Le nombre de savants juifs qui ont pénétré le génie
de Moïse est extrêmement rare. Ils auraient bravé les foudres
de l'inquisition, mais ils n'ont pas osé rompre en visière aux rabbins,
leurs maîtres, qui d'ailleurs auraient fait office d'inquisiteurs si on
leur avait laissé le pouvoir. Témoin Spinoza, qui certes eût
été exterminé par la synagogue, si elle avait eu un bourreau
à sa disposition (
Ibid., p. 243).
Le Talmud n'est pas comme la loi de Moïse un système logique, conséquent,
égal dans toutes ses parties ; il n'est pas non plus la parole d'un rabbin,
ni l'exposé d'une doctrine philosophique d'un penseur ou d'une époque
: c'est un commentaire collectif, c'est un corps de débats spirituels,
non seulement sur toute la loi de Moïse, mais sur le code entier de l'humanité
passée, présente et future. Théologie, philosophie, jurisprudence,
médecine, morale, vie pratique, le Talmud aborde tout, discute tout et
émet sur toute une série d'opinions et d'avis contradictoires
(…)
Rien de divin ni d'humain ne lui est étranger. Et tout est traité
par lui fortuitement, incidentellement. C'est une causerie perpétuelle,
irrégulière, déclamatoire, disputatoire, procédant
par sauts et par bonds, commençant par la nature de Jéhovah et
finissant parfois par la coquetterie de la femme, si tant est qu'il finisse,
car jamais le Talmud ne conclut (…) Le Talmud est un livre unique dans
l'esprit humain. Il y représente la démocratie la plus radicale,
voire la plus anarchique.

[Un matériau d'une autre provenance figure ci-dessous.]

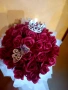 Ръчно изработени букети , снимка 3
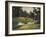 The 9th Tee-Ted Goerschner-Framed Giclee Print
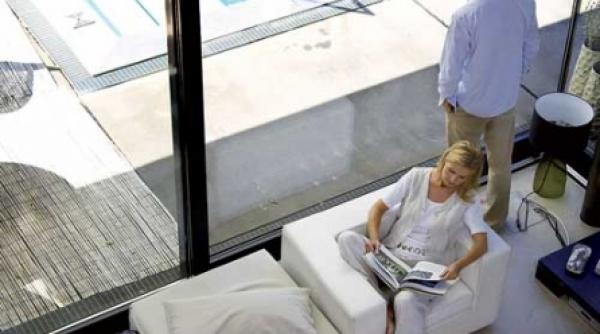 betonul este considerat un material de constructie eficient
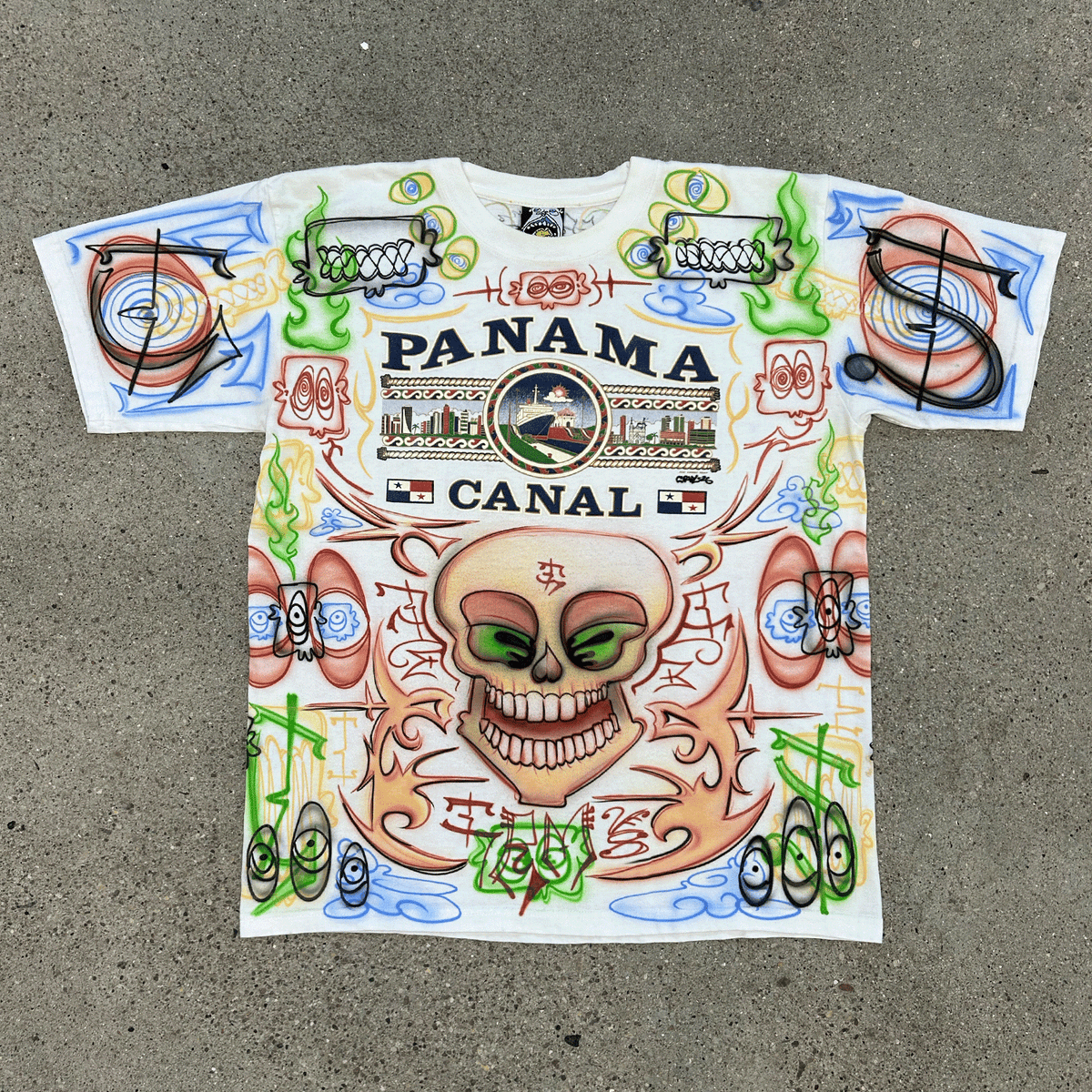 PSYCHADELIC PANAMA CONNECTION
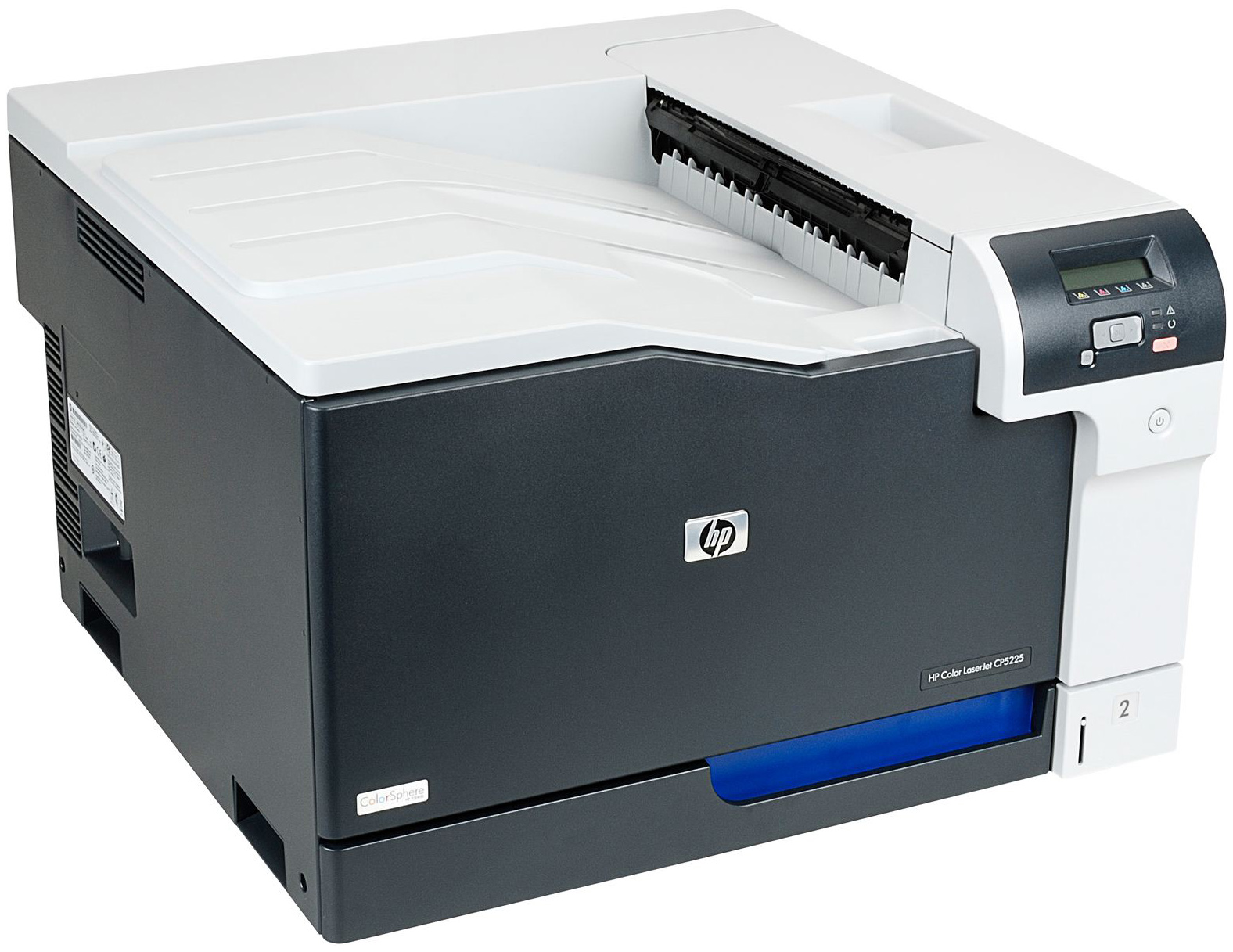 Принтер HP Color LASERJET professional cp5225n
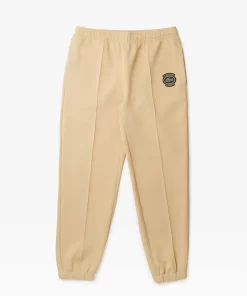 Lacoste Tracksuits-Jogger Double-Face Pique Track Pants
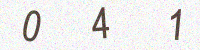 Captcha code
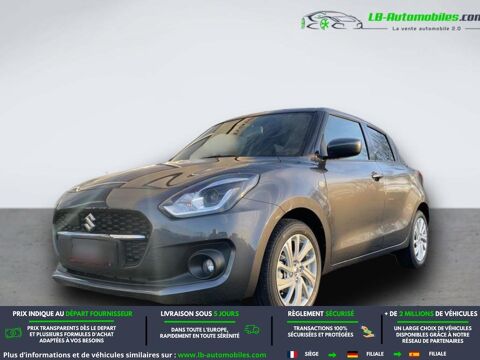 Suzuki Swift 1.2 Dualjet Hybrid BVA 83ch 2021 occasion Beaupuy 31850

C'est une navette continuelle marchant toujours et
ne s'arrêtant jamais. C'est le pour et le contre, le blanc et le noir,
le oui et le non de chaque chose et sur chaque chose. C'est en un mot, le résumé
désordonné, espèce de sténographie des débats
religieux, judiciaires, théologiques et théosophiques des écoles
juives de Jérusalem, de Babel, de tous les endroits où s'assemblaient
les rabbins, docteurs de la loi de Moïse (Ibid., p. 149-50).